Otherwise, I laugh along with everyone else at the ’80s on TV and in movies, because – like any era – you truly had to be there to appreciate it. I did, even though the ’90s were a relief in comparison.
But Stranger Things makes me crave the ridiculous ’80s every time I watch it. It’s the closest I‘ve been since Dec. 31, 1989.
They nail the cheap-but-electric special effects for sci-fi, glowing larger-than-life malls, video games the size of refrigerators … the hair, the fashion, the music – which they nail, for the most part (they mismatched a couple songs, but it can slide).
It’s extraordinary. It’s “Goonies” meets “Aliens” meets “Fast Times” meets “Red Dawn” meets “Poltergeist” meets “Teen Wolf” meets “Beetlejuice” looping back to land on “The Goonies.”
They even have a real Goonie in the show (Sean Astin) dating Lydia (Winona Ryder) from Beetlejuice. The casting was perfect; beside some terribly talented kids, they went for some authenticity in Matthew Modine (“Vision Quest”) and Paul Reiser (“Aliens”).
The show gets so much right. The pre-Internet naiveté we thought was totally futuristic, the Reagan-inflamed sense of white suburban optimism, the Cold War backdrop (a secret Russian base beneath an Indiana mall is genius); things that were so ’80s that no one even knew they were so ’80s back in the ’80s.
It’s as if the creators asked themselves, “How would we make this show if we were actually back in the ’80s?”
Listen to the music. Not the stuff pulled from ’80s MTV. I’m talking about the score (the background music). Listen to the opening credits roll as if someone with a 1985 synthesizer decided to record something semi-creepy but ’80s cutting edge (back then) for a theme song. The authenticity comes from the absolute immersion.
The sometimes-cheesy special effects aren’t because Netflix can’t afford better (strobes and people just turning lights on and off were big). That’s how they did it 35 years ago. Have you seen “Ghostbusters” lately? “Weird Science?” Fun, bright, vivid, imaginative … but not very realistic. (Speaking of “Weird Science,” Bill Paxton would’ve been perfect in this show).
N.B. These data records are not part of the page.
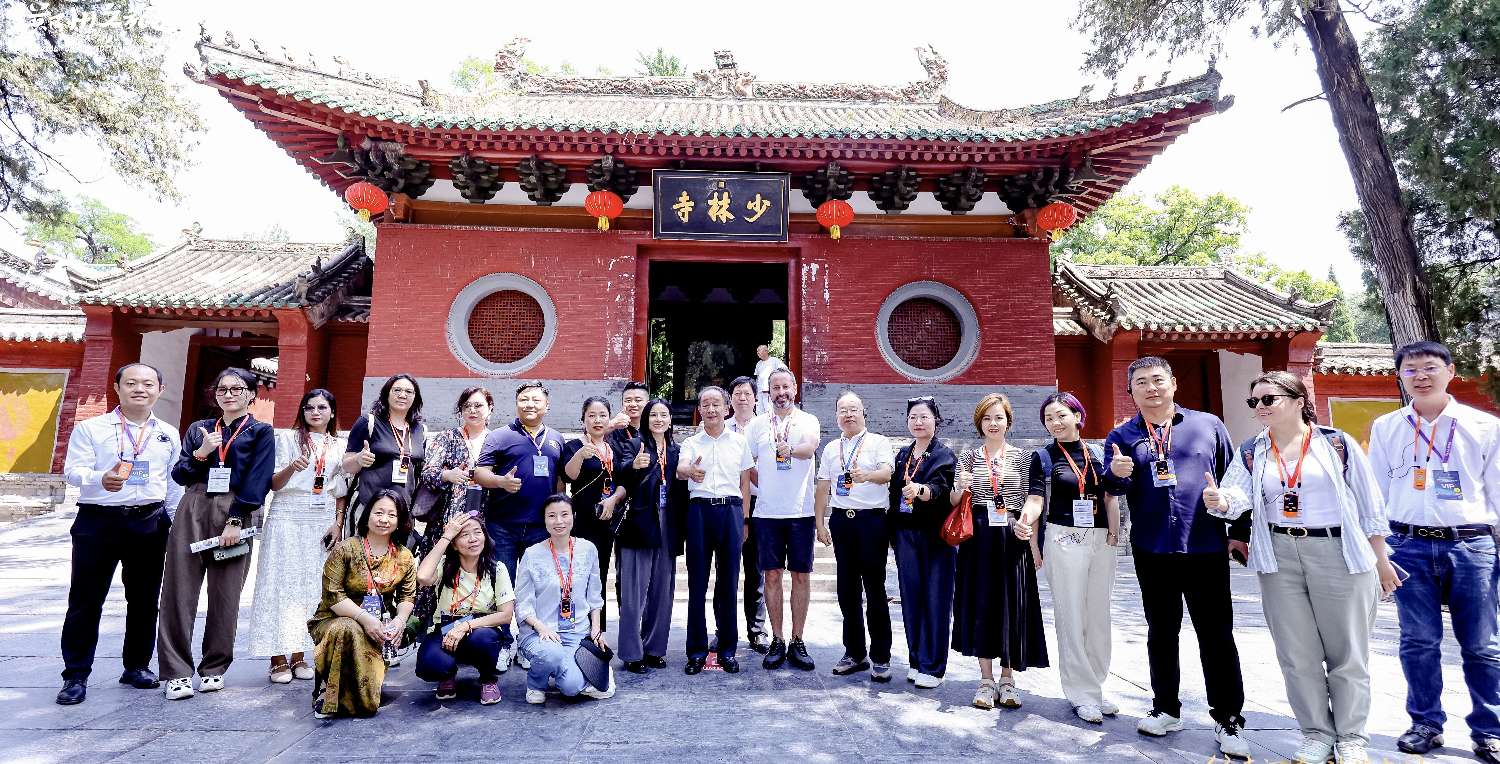 九游娱乐文化：2024年“行走河南读懂中国”全球旅行商大会召开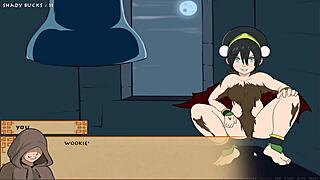 Spooky Times 1: A Fet Side Story In Anime Dating Game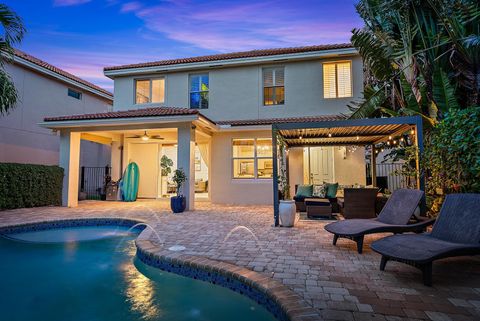 A home in Hobe Sound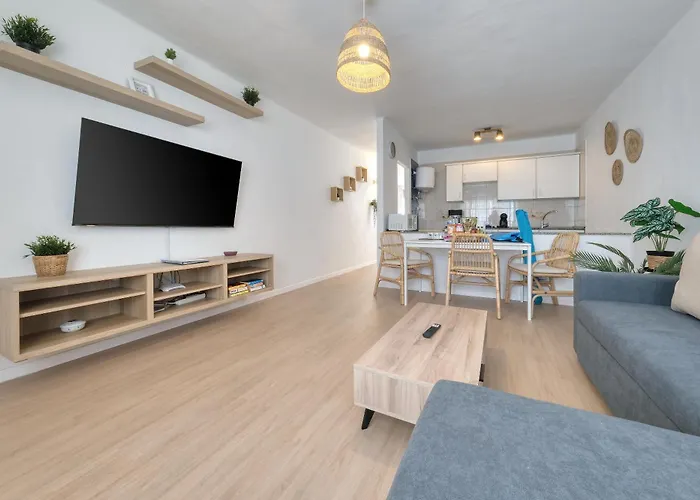 Hébergement de vacances Zefiro - 500m To The By Lanzarote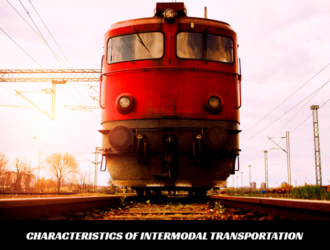 Characteristics of Intermodal Transportation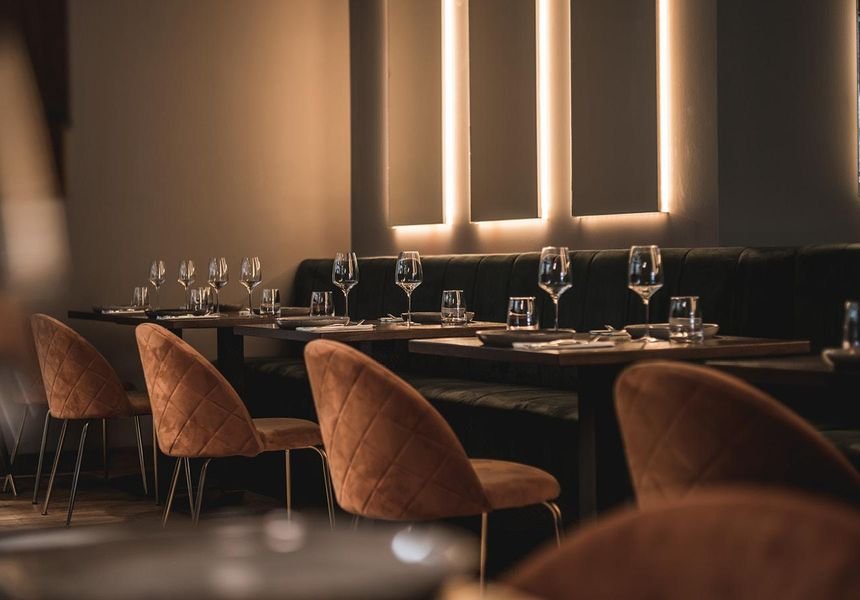 Stove Bistro restaurant in Belfast, United Kingdom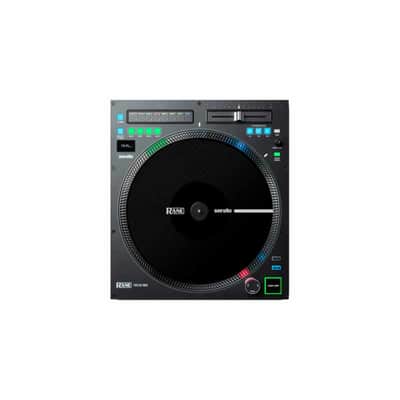 Rane DJ TWELVE-MKII Contrôleur USB/Midi motorisé vinyle 12", 4 decks, écran OLED image 2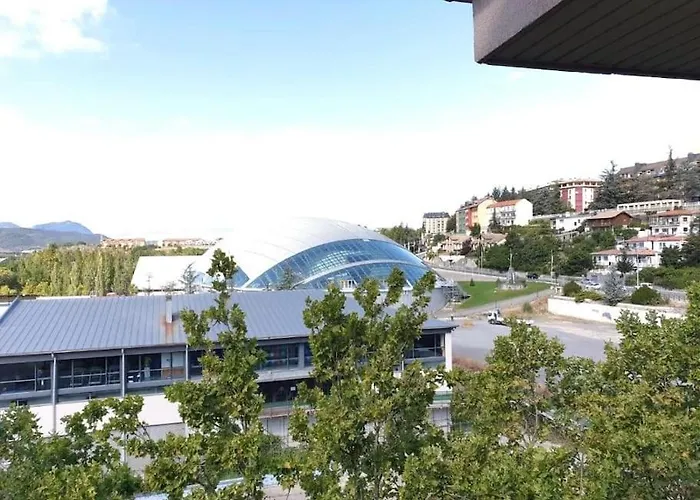 Super Exterior, Vistas, Amplio Y Muy Agradable! Appartement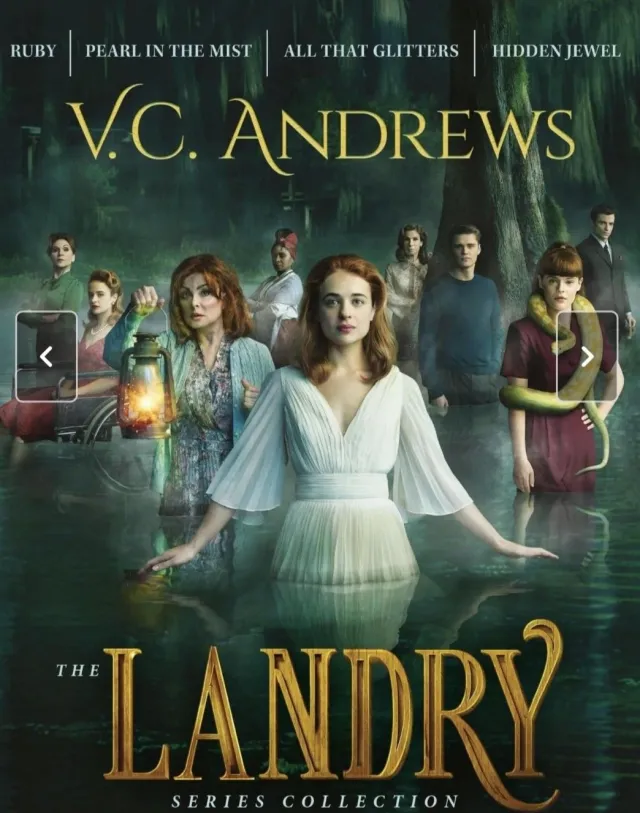V.C. Andrews' Landry Family - Vj Junior poster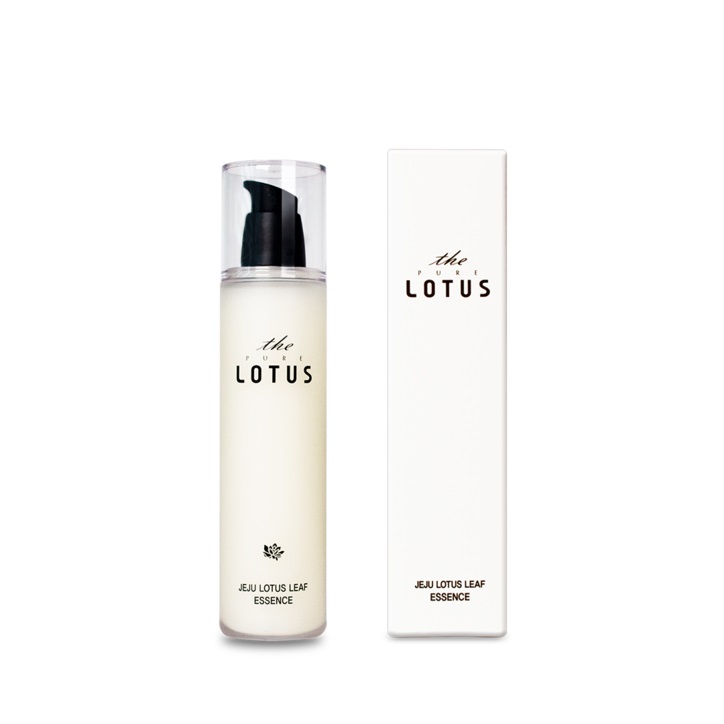 Jeju Lotus Leaf Essence 12ml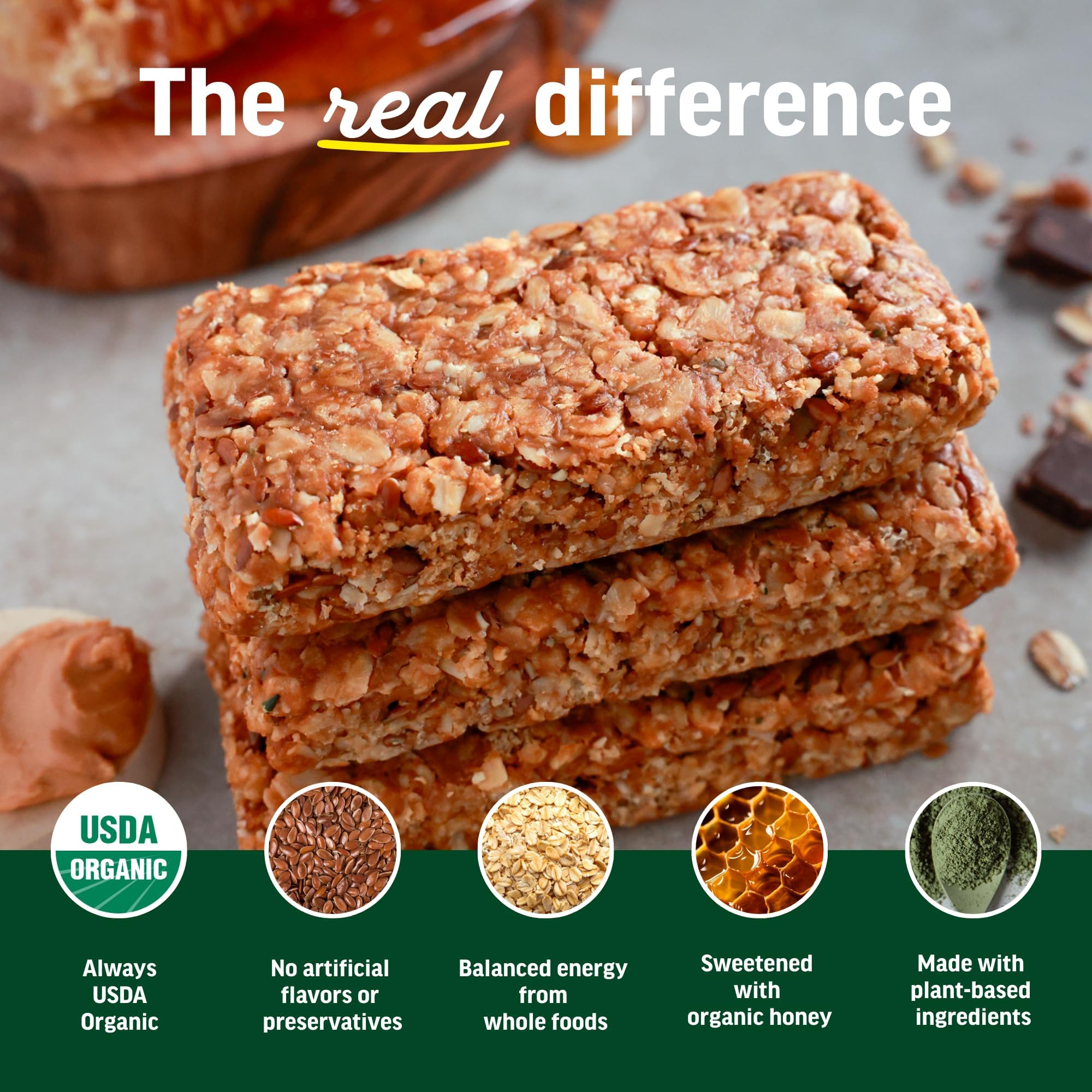 Kate's pack of 12 box displayed for bulk convenience and pantry-ready supply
The other superpower of “Stranger Things” is its unrelenting optimism, another ’80s factor. Why else was everything so bright, dramatic and unreal? Suburban white kids whose parents believed in Ronald Reagan’s new day dawning in America, after the rotten ’70s, with Vietnam and Watergate and all the ugliness. MTV arrived and hope was rampant. We smiled a lot, believed in magic, wore horrible glowing clothes, used an ozone layer’s worth of hairspray, and believed two really great concerts in one day would eliminate world hunger.
In a decade when people thought playing some records made kids kill themselves and other records played backward summoned the devil, we probably would’ve believed in an Upside Down. Russians in the Midwest? Why not? We were afraid of dying by nuclear weapons.
Even with the big ending, I’m ready for another season. Then they should seal it all in a time capsule, before it gets to be too much; Just like the ’80s were at the end.